### [TASK DESCRIPTION]
Please repeat exactly the lines from the one containing "2024 Chevrolet Colorado" to the end of the entries below, both included, and omit all pictures.

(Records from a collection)
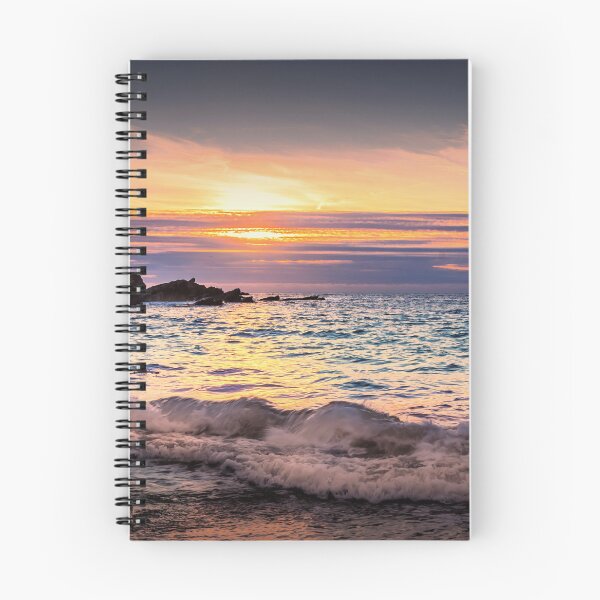 Item preview, Dusk in Devon designed and sold by JEZ22.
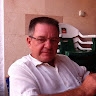 Basili Marti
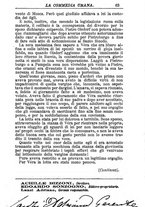 giornale/RMR0014507/1885/v.1/00000885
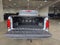 2024 Chevrolet Colorado Crew Cab Short Box 4-Wheel Drive LT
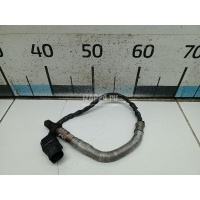 Датчик кислородный/Lambdasonde BMW X5 E70 (2007 - 2013) 13627801158
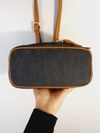 Bolsa Michael Kors Jet Set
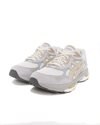 Asics GEL-NYC 2.0 (1203A895-100)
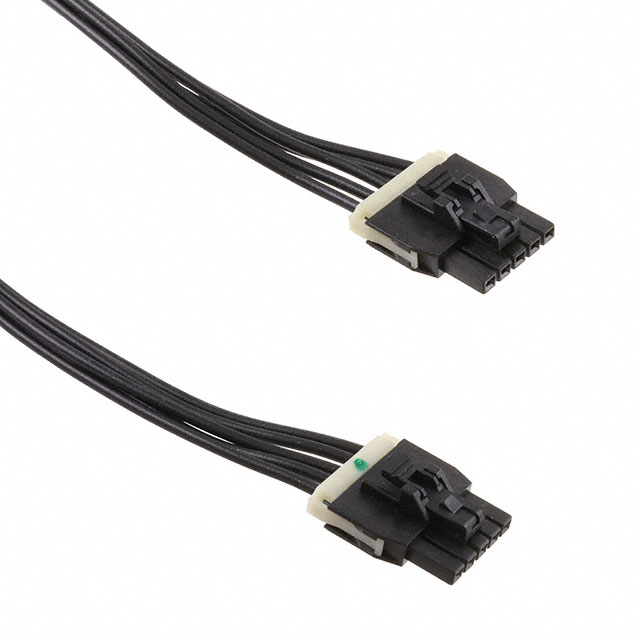 Molex_1451300500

### [RESULT OF THIS TASK]
 2024 Chevrolet Colorado Crew Cab Short Box 4-Wheel Drive LT
 Датчик кислородный/Lambdasonde BMW X5 E70 (2007 - 2013) 13627801158
 Bolsa Michael Kors Jet Set
 Asics GEL-NYC 2.0 (1203A895-100)
 Molex_1451300500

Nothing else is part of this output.